◆ **Aim of the exercise**
With pictures left out, only the lines from the one containing "Вид от входа, интерьер" through the end of the records should be reproduced exactly, please.

◆ **Given entries**
::::

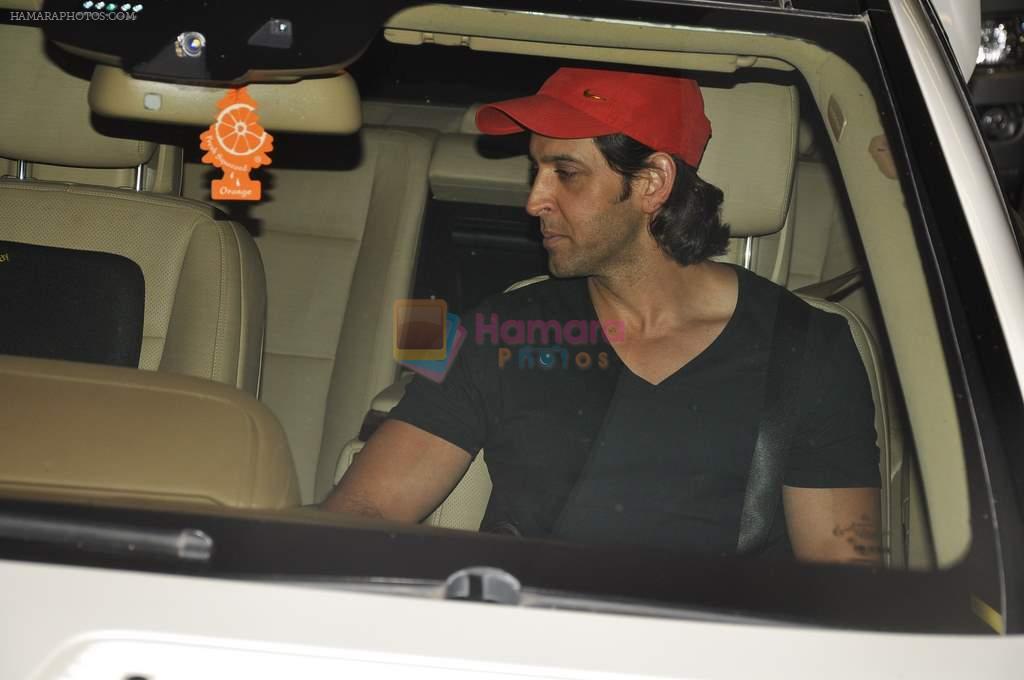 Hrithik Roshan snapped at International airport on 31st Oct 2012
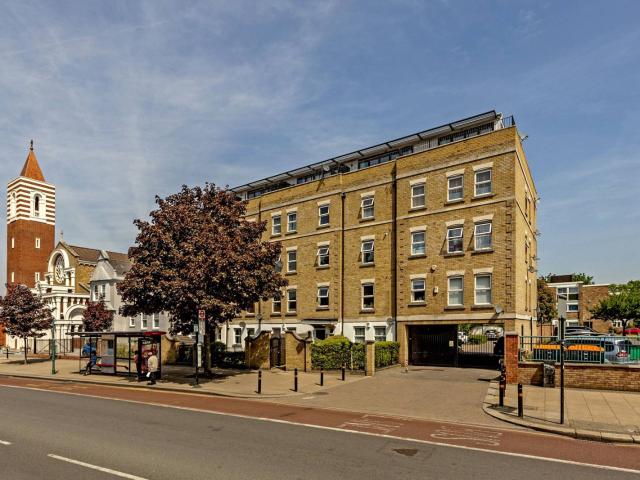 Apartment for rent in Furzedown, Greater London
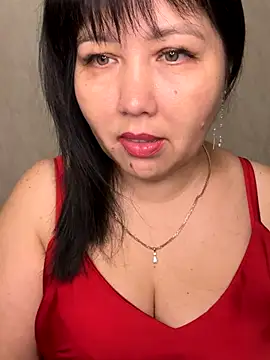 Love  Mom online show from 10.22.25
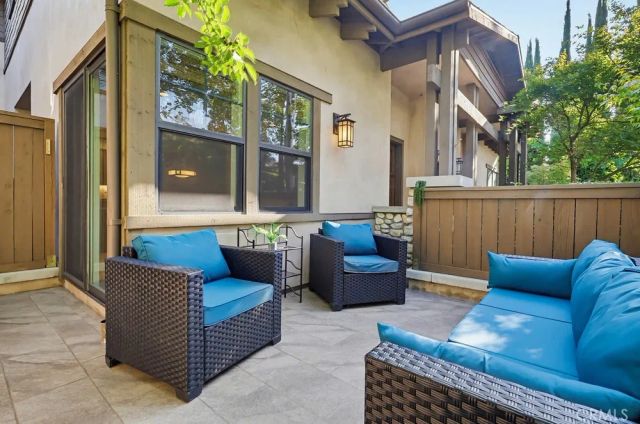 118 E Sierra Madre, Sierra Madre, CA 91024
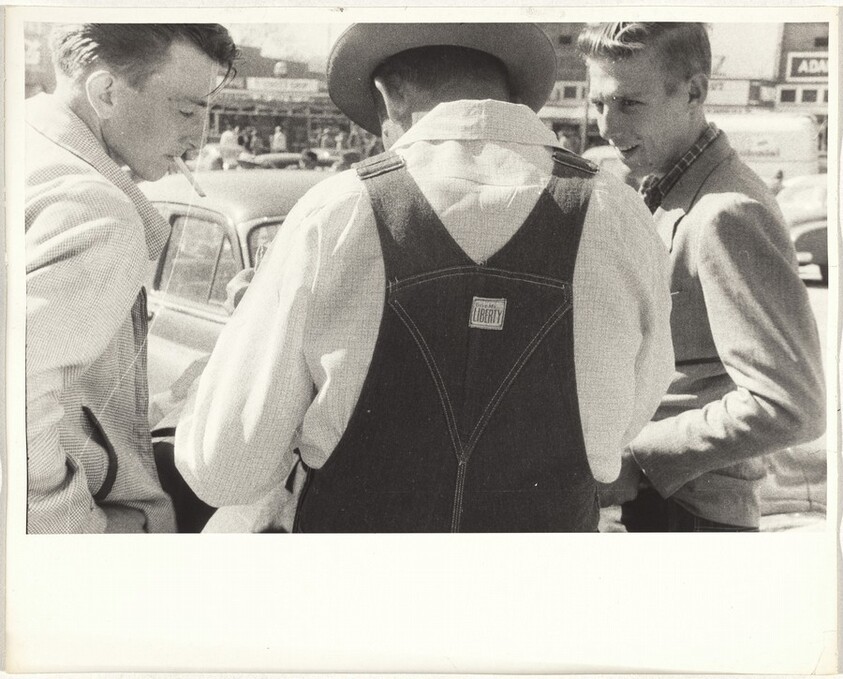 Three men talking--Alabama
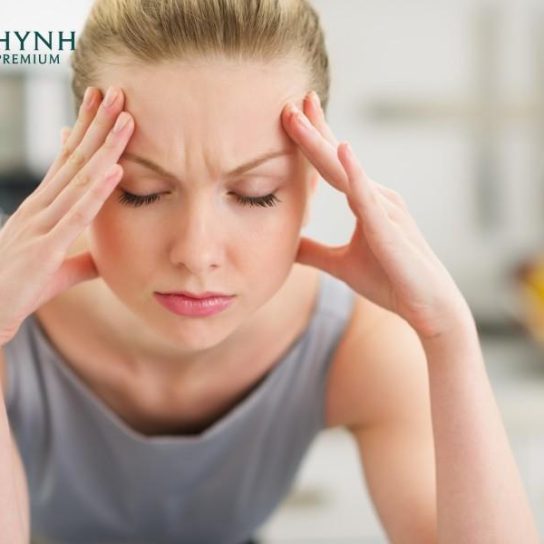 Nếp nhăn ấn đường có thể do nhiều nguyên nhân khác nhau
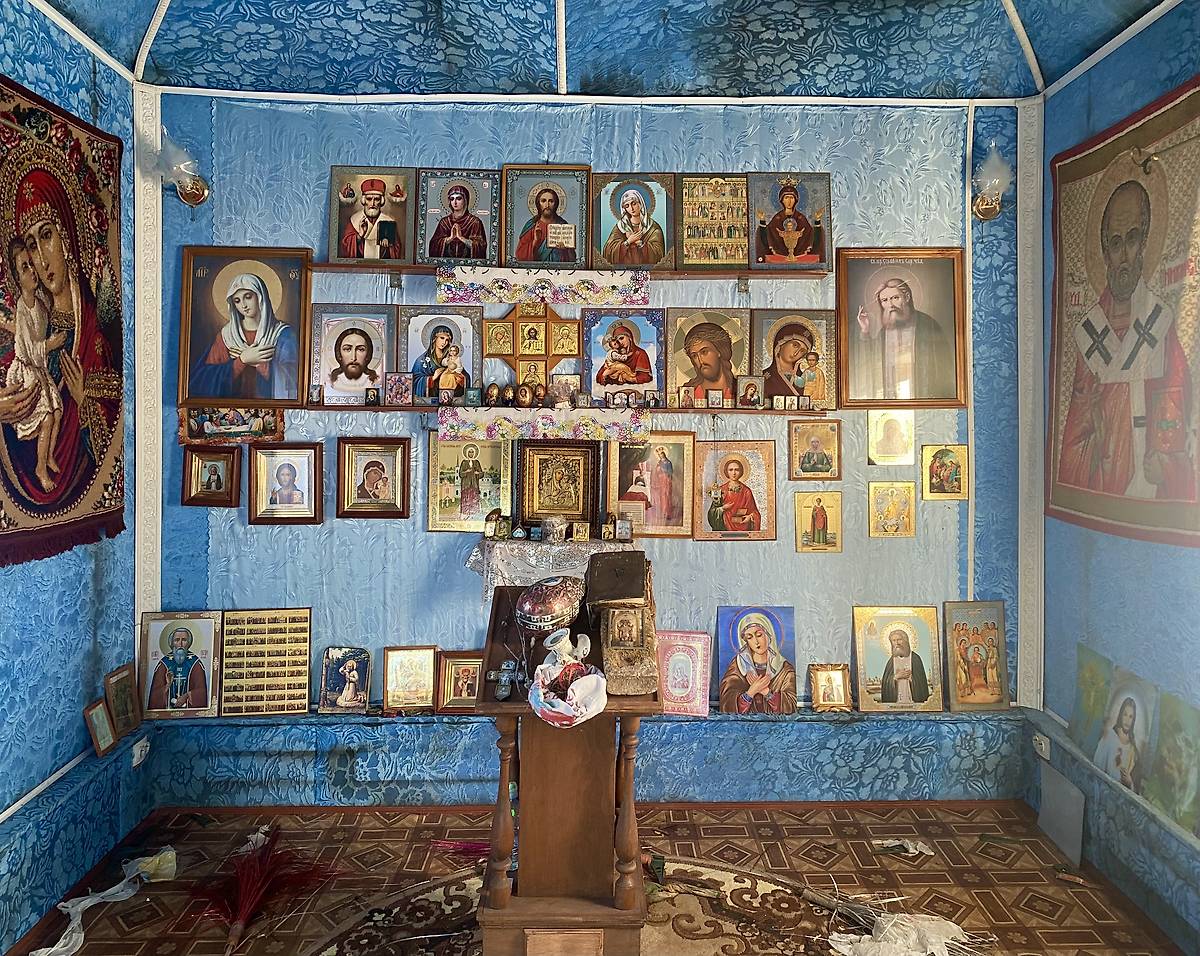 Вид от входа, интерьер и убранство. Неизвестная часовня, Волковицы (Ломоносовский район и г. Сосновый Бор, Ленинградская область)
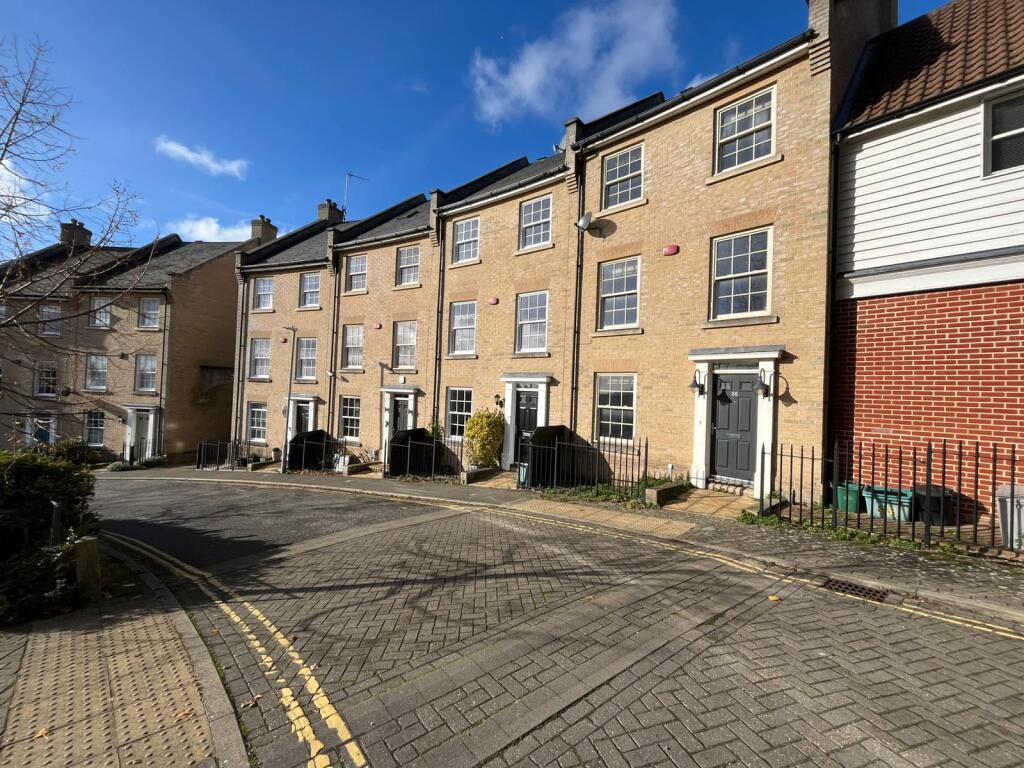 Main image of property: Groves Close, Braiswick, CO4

::::

◆ **Exercise answer**
 Вид от входа, интерьер и убранство. Неизвестная часовня, Волковицы (Ломоносовский район и г. Сосновый Бор, Ленинградская область)
 Main image of property: Groves Close, Braiswick, CO4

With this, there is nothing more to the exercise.